De la madriguera se sale por el mismo lugar por el que se entró. Uno surge sin ser aquel que ingresó y viceversa. La relación dentro-fuera forma parte de nuestro estar en la vida. Demasiado fuera nos diluye. Demasiado dentro nos desfigura. Cada uno debe encontrar la manera de manejar ese flujo incesante que nos lleva a ambos lados del refugio.
No obstante, dudo que por una vez se pueda anteponer el punto medio aristotélico. El cultivo de la interioridad es un proceso que nadie puede hacer por nosotros, ni nada de lo que existe ahí afuera será suficiente para hacernos a nosotros mismos. La confianza propia se adentra en nuestras fortalezas interiores.
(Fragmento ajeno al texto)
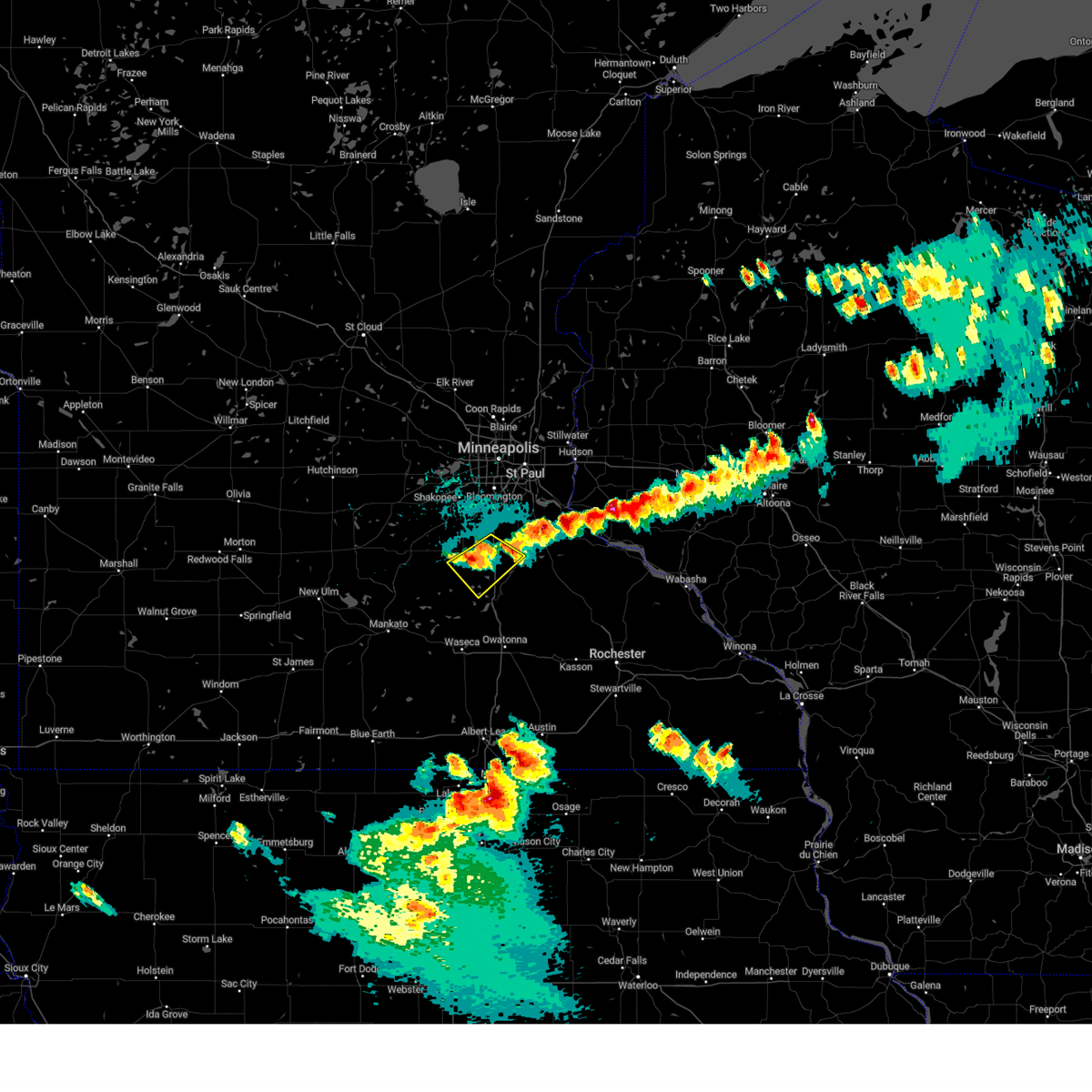 Interactive Hail Maps Hail Map for Elko New Market, MN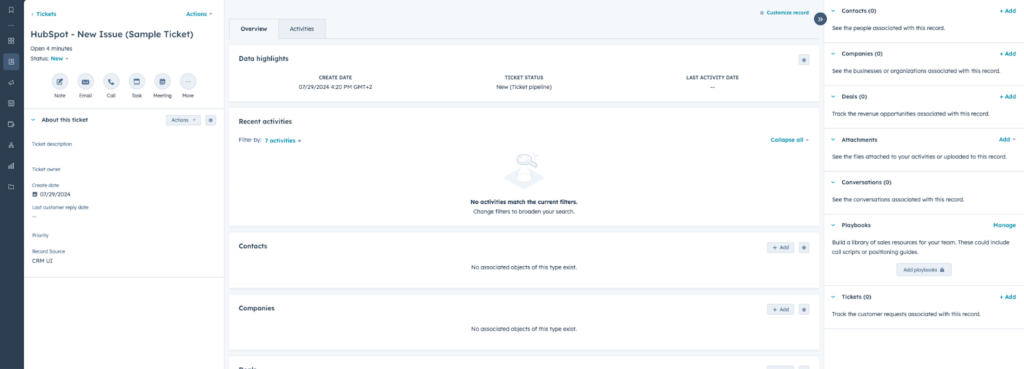 Zendesk的工单环境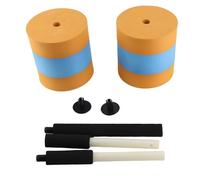 Mtlavishness Mancuernas de Agua largas de Goma EVA PC Antideslizante Desmontable Flotante Equipo de Barra de Fitness para Ejercicio aeróbico acuático con diseño Naranja y Ideal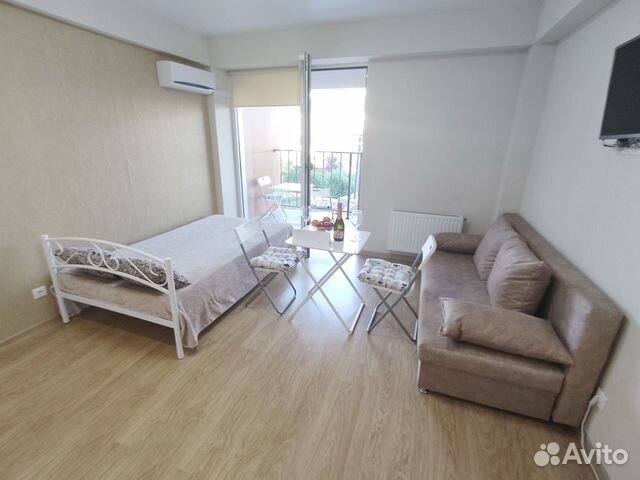 

Квартира-студия, 30 м², 2 кровати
La capacidad de sostener todo aquello que ocurra en las tempestades existenciales tiene mucho que ver con el sostén creado por los valores que encarnamos.
Todos practicamos algún tipo de estado de ensimismamiento, aunque su propósito diverja. A veces solo buscamos un ratito para con nosotros; hacerle hueco a nuestro cuerpo para que respire y a nuestra alma para que se encuentre. Otras veces, en cambio, la escudriñamos adrede para conquistarla, para llevarla allá donde habita el espíritu. El resto de ensimismamientos son productos de la vida moderna: que si la tele, que si la crisis, que si algún día nos tocará la lotería. O, como el caso de la señora preocupada por su pareja, un ego espiritualizado que confunde la luz con el deslumbramiento.
Hay vida dentro y hay vida fuera. En ambos lados disponemos de un mundo para conocer y desarrollar. La clave consiste en estar en contacto con todas las vivencias que nos son posibles. Todas son necesarias, aunque ninguna suficiente por sí misma. Para devenir personas el contacto humano es básico, como también lo es la imaginación y, por descontado, nuestra capacidad de crearnos. Hay tanto por vivir que cuesta entender que dediquemos tanto tiempo al ensimismamiento que solo sirve para distraernos de lo que realmente importa. A veces, es mejor dejarse en paz.